Exactly reproduce the lines of the listing below from the one containing "Severine Marquillie_Verger de" through the one containing "ЧТО БУДУТ ДЕЛАТЬ". Skip the images.

| Given entries |
******
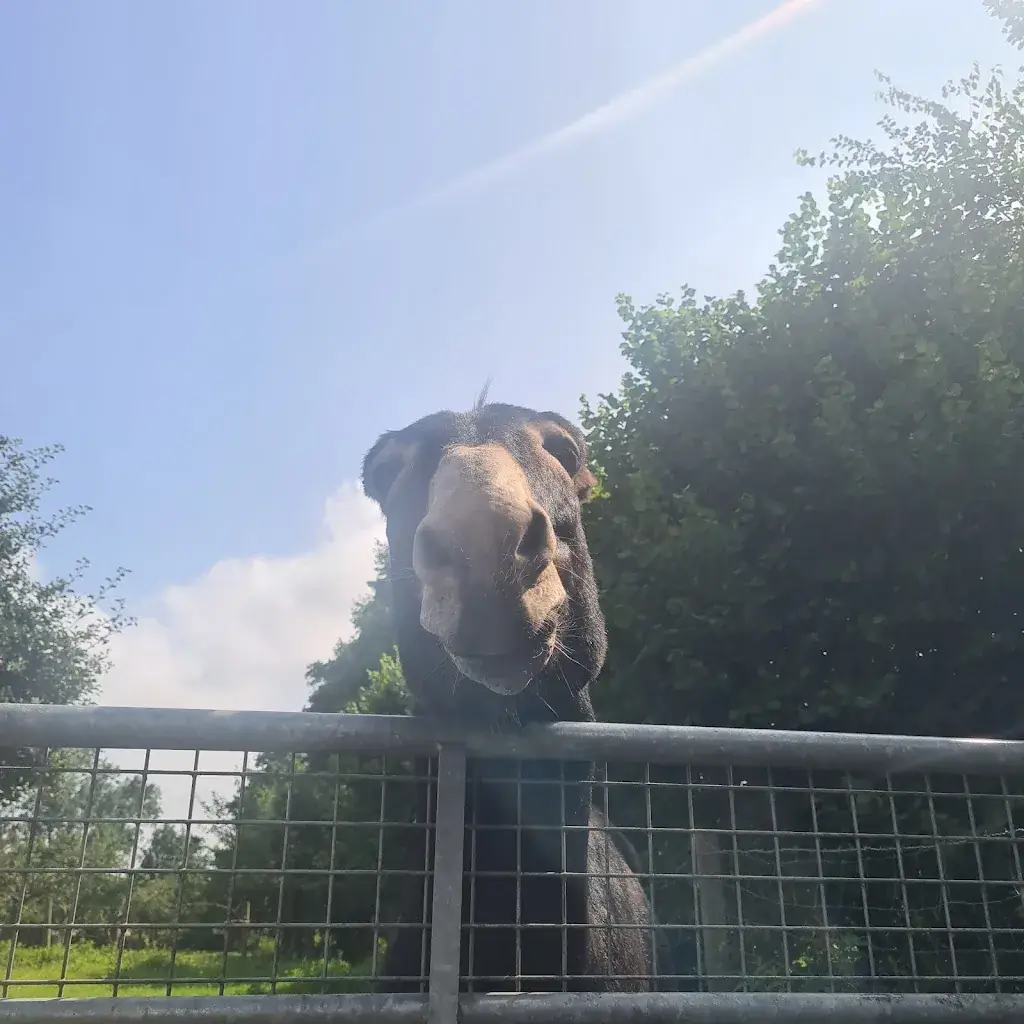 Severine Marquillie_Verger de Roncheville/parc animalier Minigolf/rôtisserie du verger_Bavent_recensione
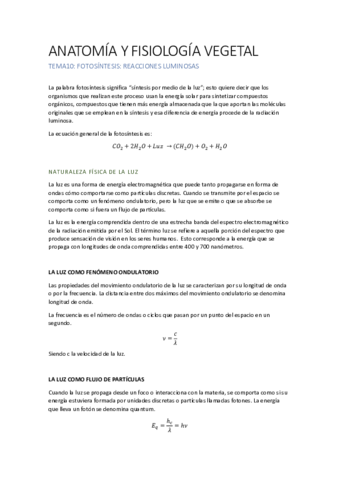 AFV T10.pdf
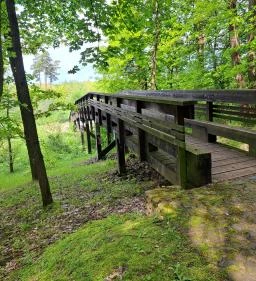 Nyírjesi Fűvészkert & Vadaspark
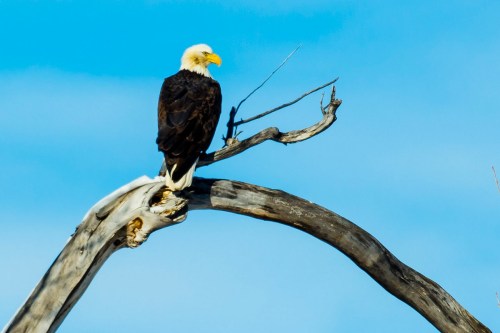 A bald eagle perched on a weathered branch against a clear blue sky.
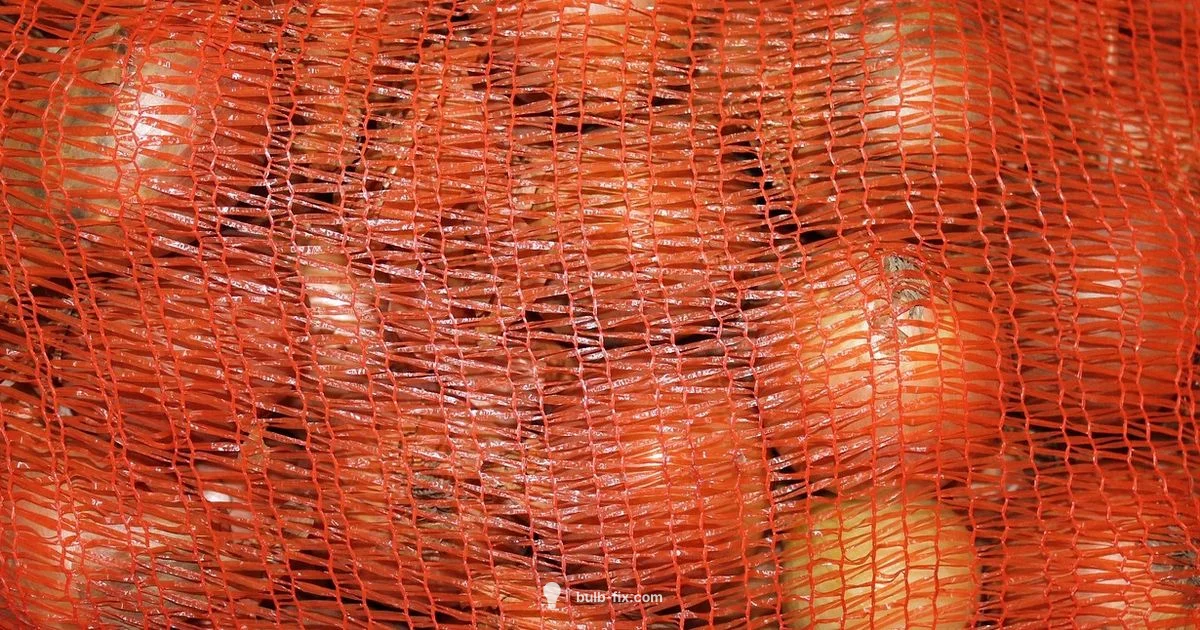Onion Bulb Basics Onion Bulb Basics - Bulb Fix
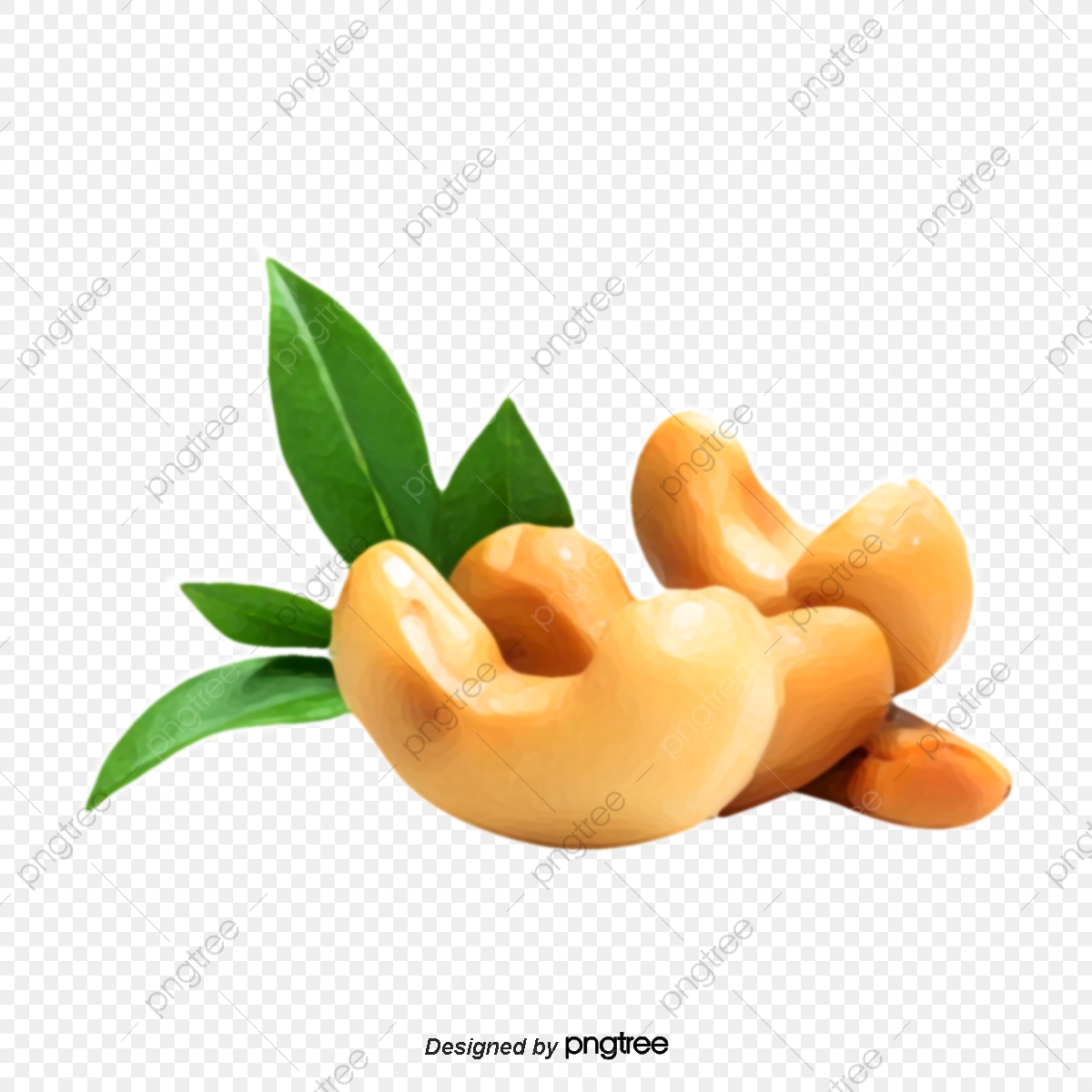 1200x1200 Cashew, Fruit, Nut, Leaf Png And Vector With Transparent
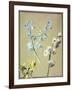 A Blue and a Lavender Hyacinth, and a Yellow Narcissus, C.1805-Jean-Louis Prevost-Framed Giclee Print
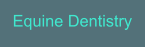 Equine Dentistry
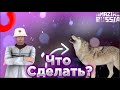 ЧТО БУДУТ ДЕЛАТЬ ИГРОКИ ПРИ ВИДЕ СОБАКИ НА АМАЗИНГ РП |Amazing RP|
******
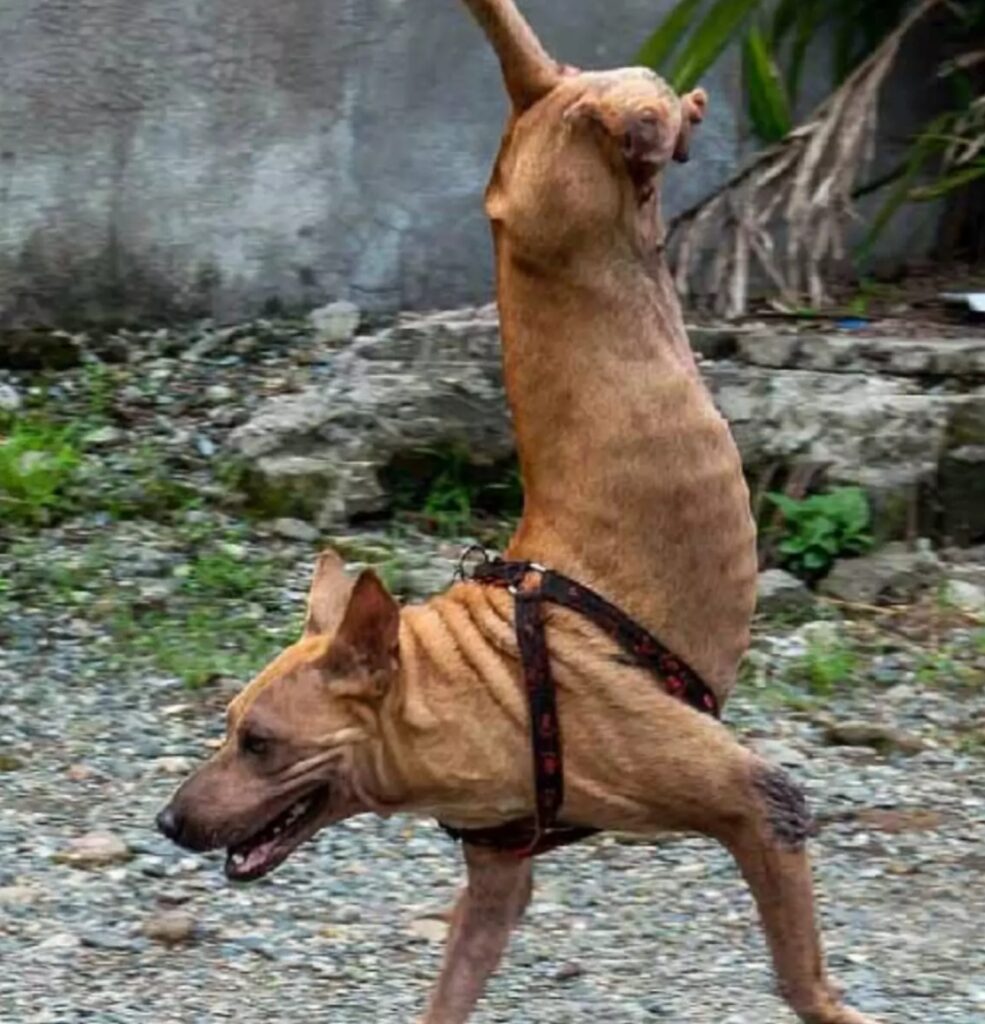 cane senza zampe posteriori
******
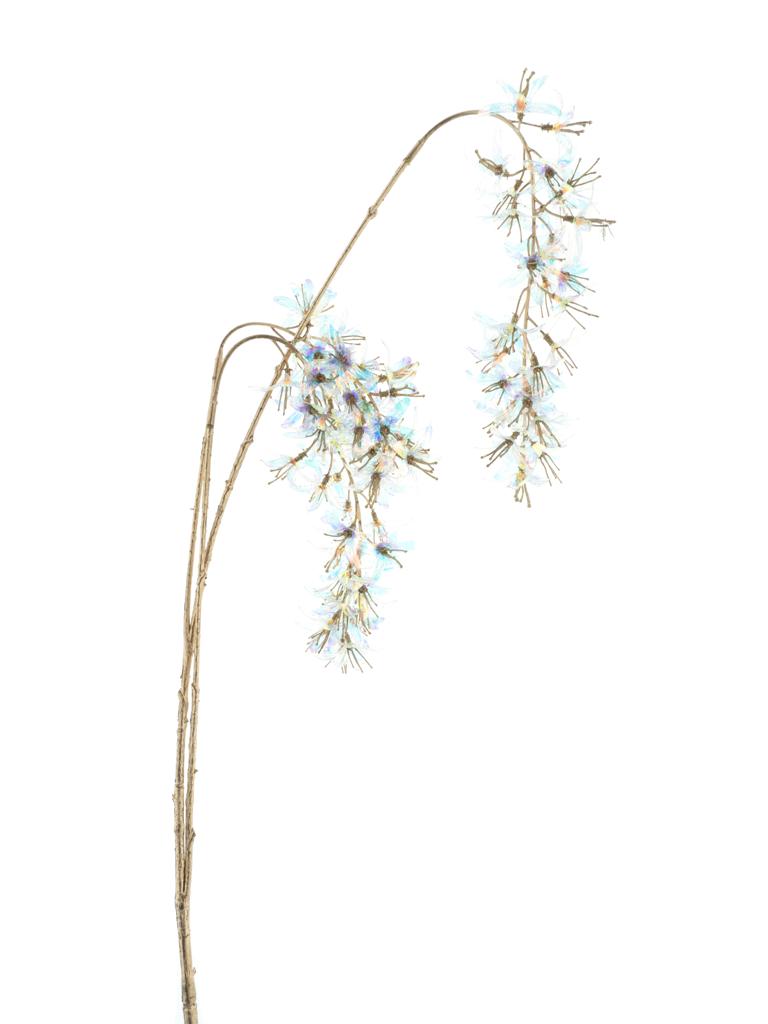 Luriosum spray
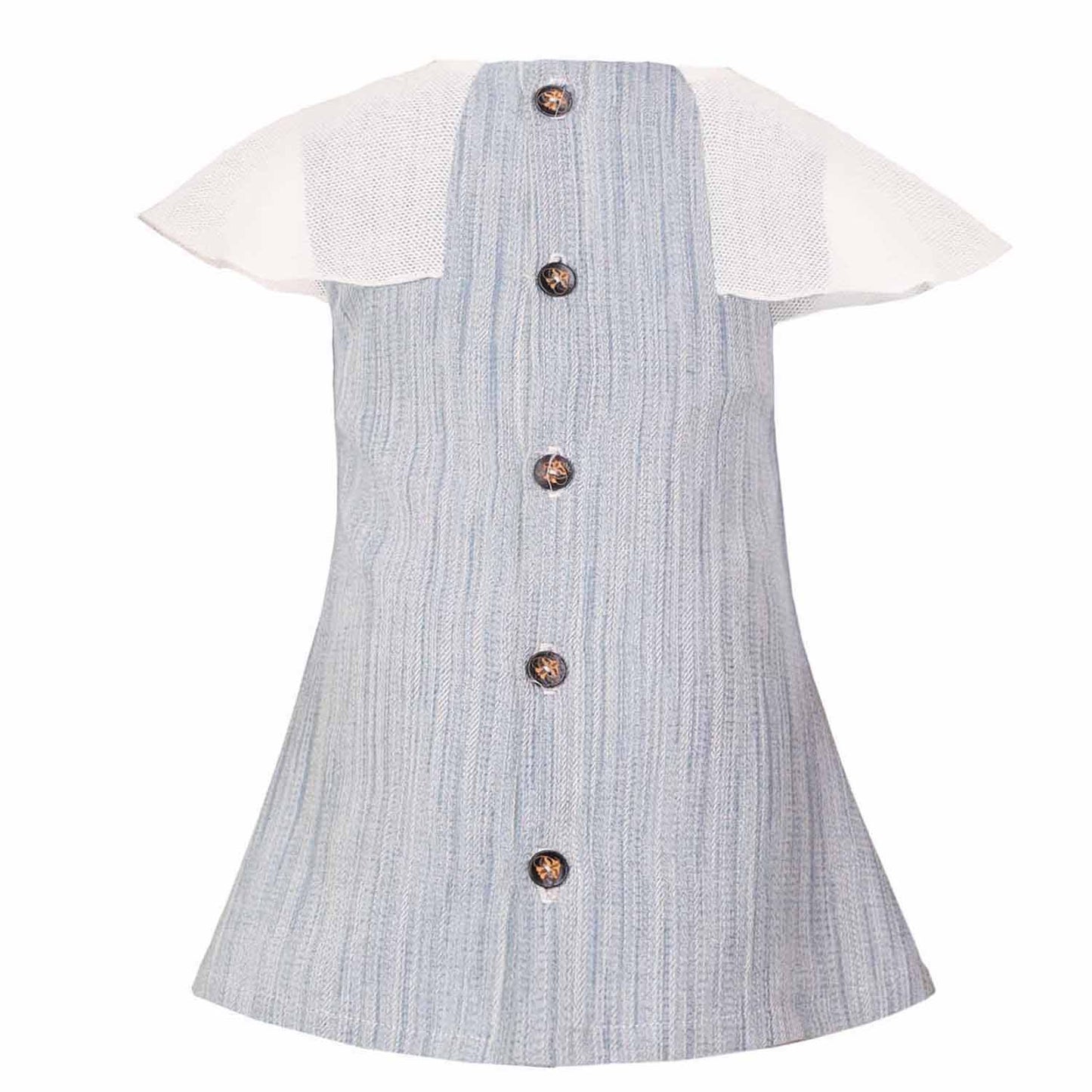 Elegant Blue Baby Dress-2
******
| Expected output |
 Severine Marquillie_Verger de Roncheville/parc animalier Minigolf/rôtisserie du verger_Bavent_recensione
 AFV T10.pdf
 Nyírjesi Fűvészkert & Vadaspark
 A bald eagle perched on a weathered branch against a clear blue sky.
Onion Bulb Basics Onion Bulb Basics - Bulb Fix
 1200x1200 Cashew, Fruit, Nut, Leaf Png And Vector With Transparent
 A Blue and a Lavender Hyacinth, and a Yellow Narcissus, C.1805-Jean-Louis Prevost-Framed Giclee Print
 Equine Dentistry
 ЧТО БУДУТ ДЕЛАТЬ ИГРОКИ ПРИ ВИДЕ СОБАКИ НА АМАЗИНГ РП |Amazing RP|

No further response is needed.